Short descriptive text snippets:
○ ○ ○ ○

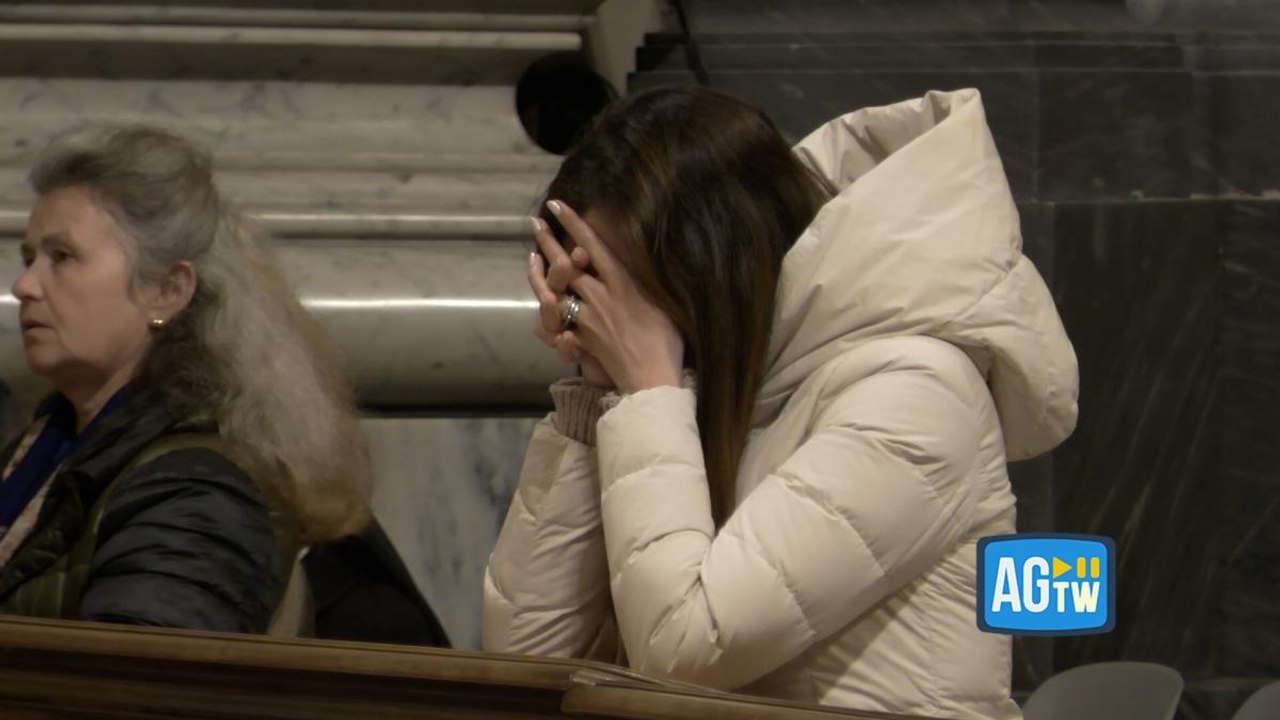 La messa e la preghiera per Papa Francesco. I fedeli commossi nell'ascolto dell'omelia: «Ci affidiamo a Dio»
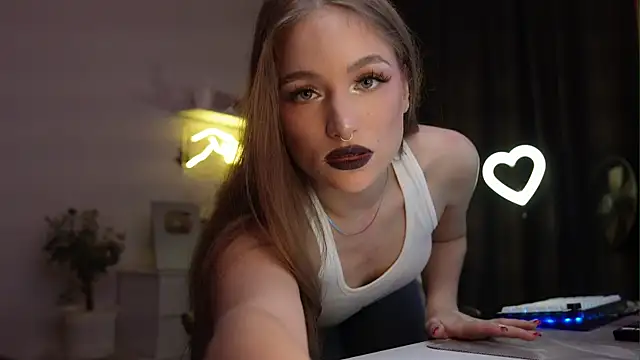 MrsTenderBeast online show from 09.14.25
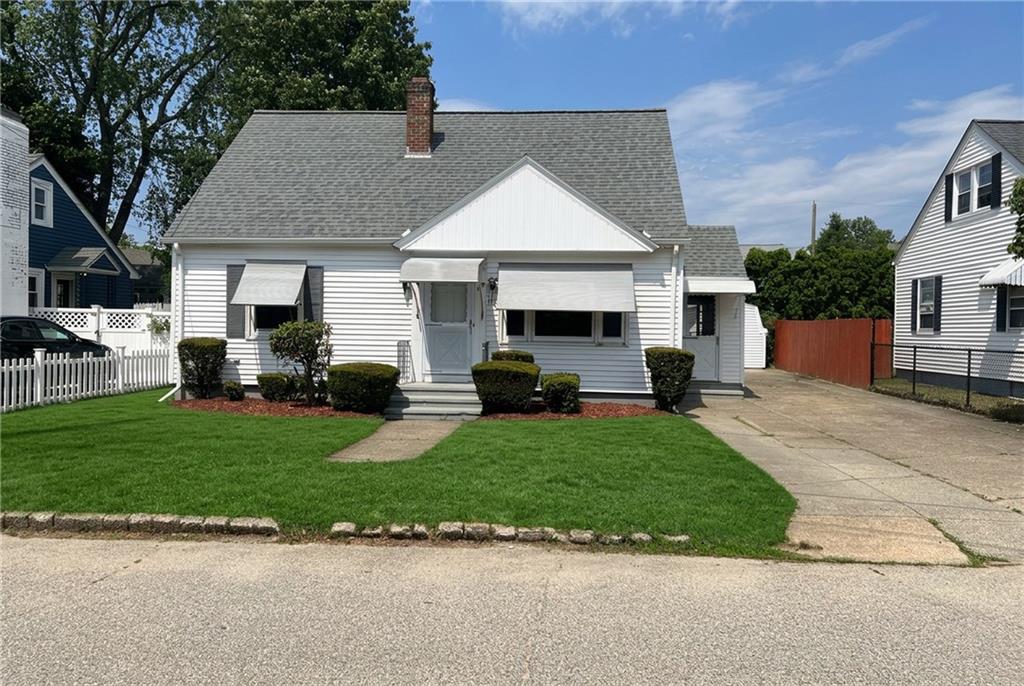 181 Fiat Avenue Property Photo 2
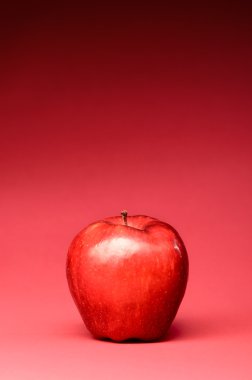 kırmızı lezzetli elma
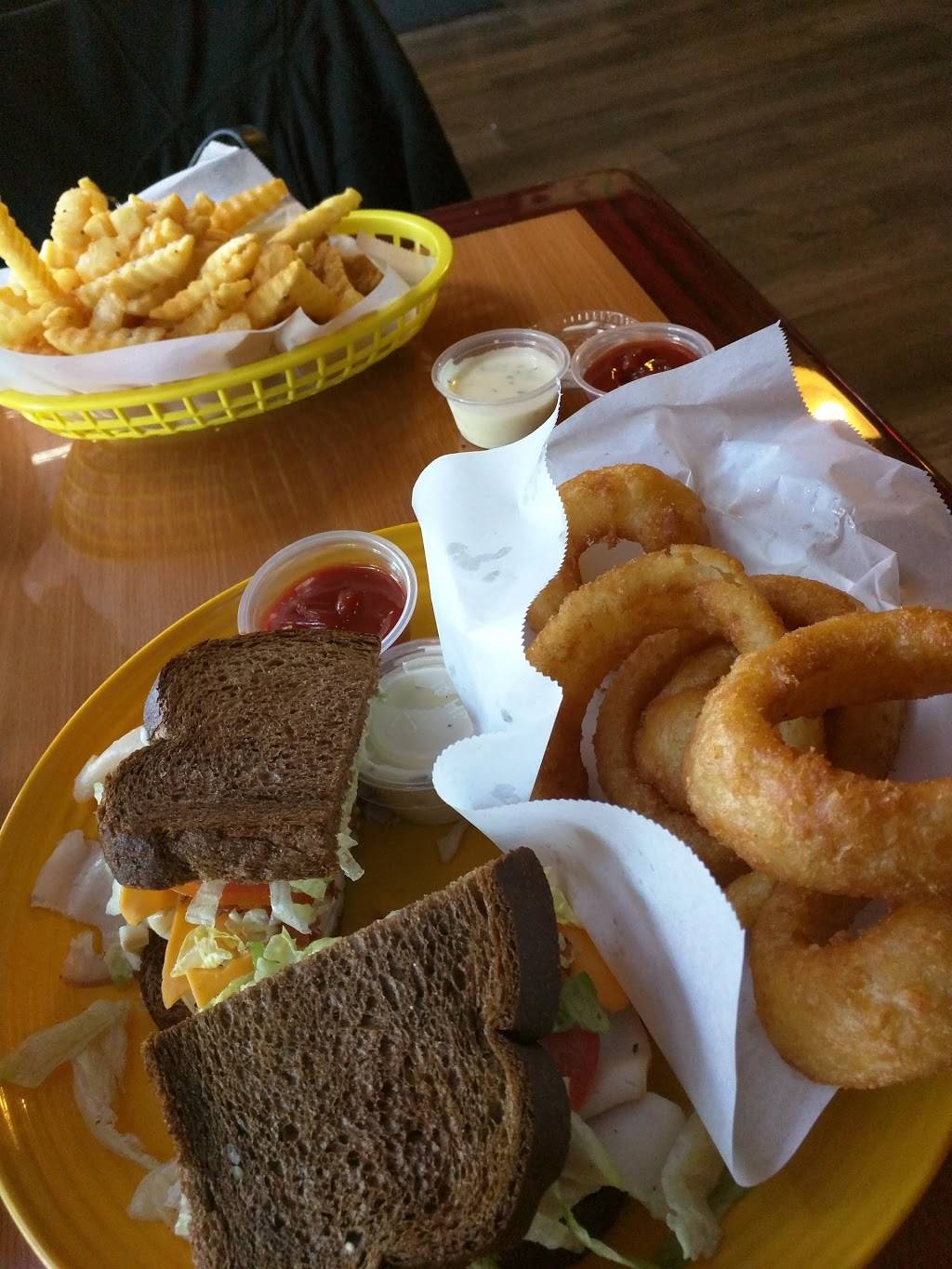 Deli Stop Sports Pub | meal takeaway | 13173 Black Mountain Rd, San Diego, CA 92129, USA | 8584849117 OR +1 858-484-9117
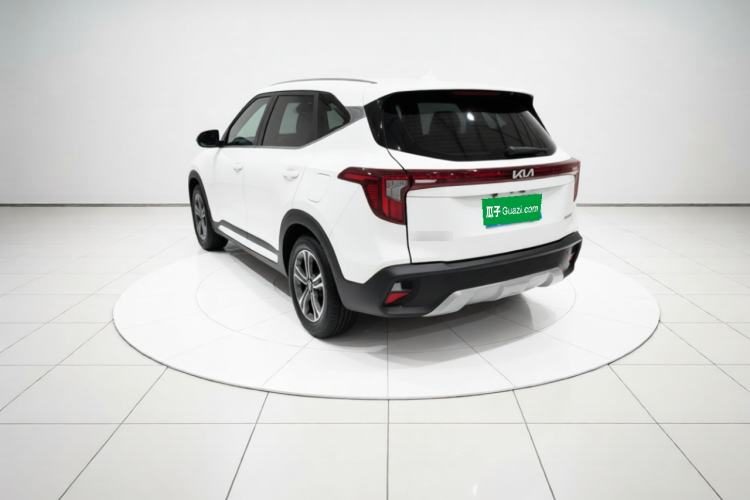 Kia Seltos 2026 — вид сзади слева, 10 800 км, Guazi 99f686vbch, фото 3
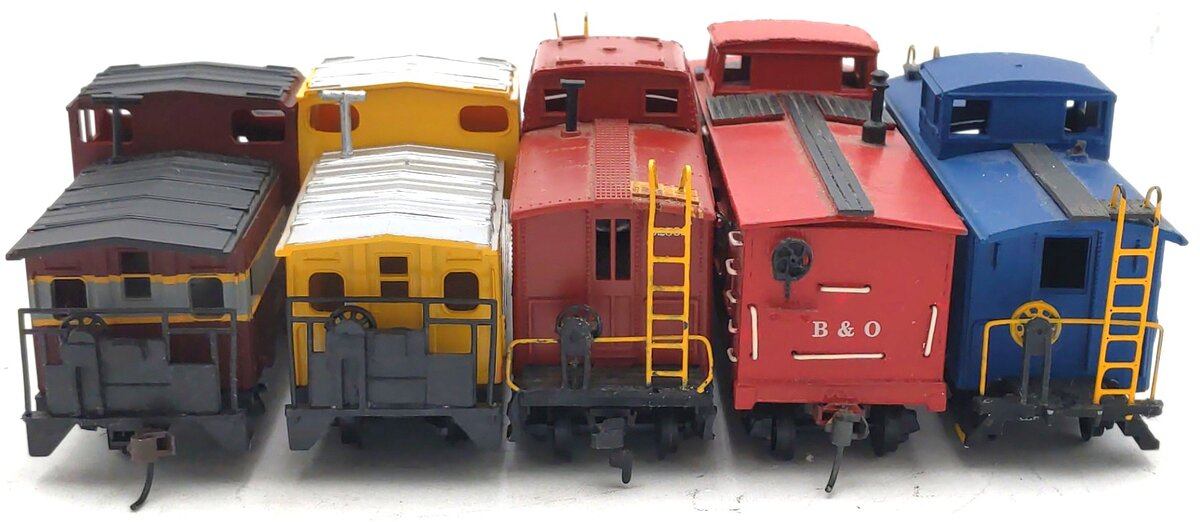 Bachmann & Others HO Scale Assorted Caboose [5]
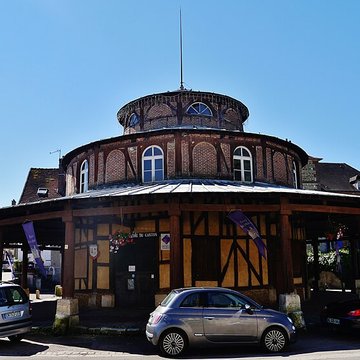 Halle dErvy-le-Châtel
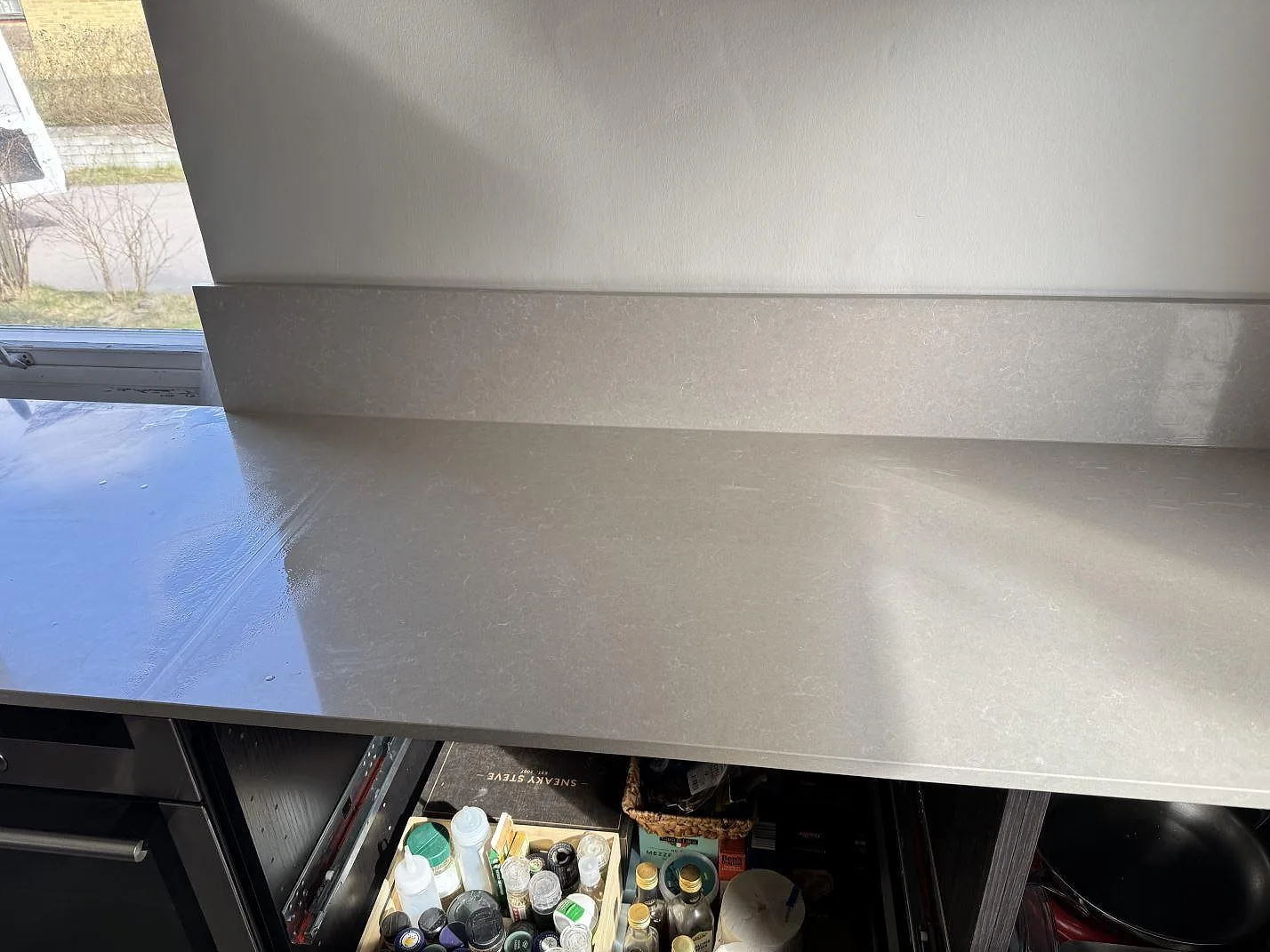 Køkkenbordplade i Technistone Noble Ivory White, Hovås – billede 5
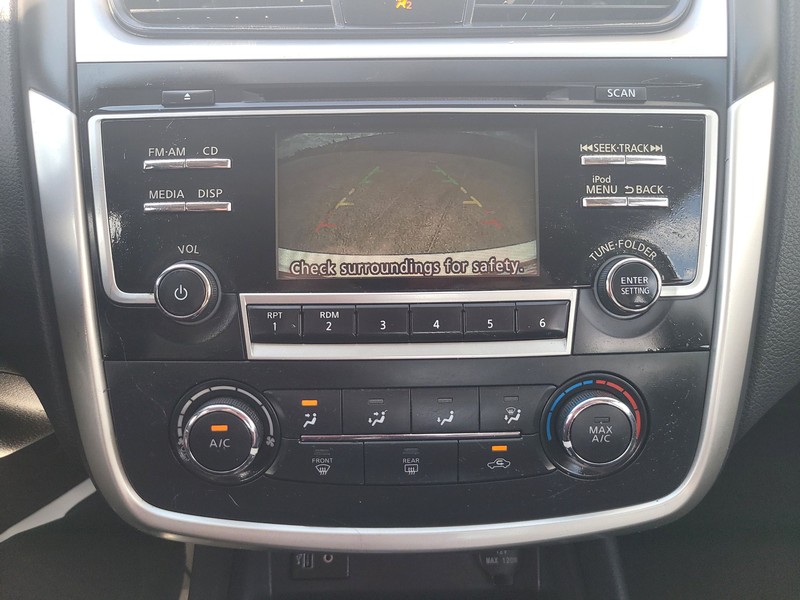 Nissan Altima Vehicle Full-screen Gallery Image 16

○ ○ ○ ○

## Directions for this task
Pictures are to be left out, while the records are copied word for word.

## Result of this task
 La messa e la preghiera per Papa Francesco. I fedeli commossi nell'ascolto dell'omelia: «Ci affidiamo a Dio»
 MrsTenderBeast online show from 09.14.25
 181 Fiat Avenue Property Photo 2
 kırmızı lezzetli elma
 Deli Stop Sports Pub | meal takeaway | 13173 Black Mountain Rd, San Diego, CA 92129, USA | 8584849117 OR +1 858-484-9117
 Kia Seltos 2026 — вид сзади слева, 10 800 км, Guazi 99f686vbch, фото 3
 Bachmann & Others HO Scale Assorted Caboose [5]
 Halle dErvy-le-Châtel
 Køkkenbordplade i Technistone Noble Ivory White, Hovås – billede 5
 Nissan Altima Vehicle Full-screen Gallery Image 16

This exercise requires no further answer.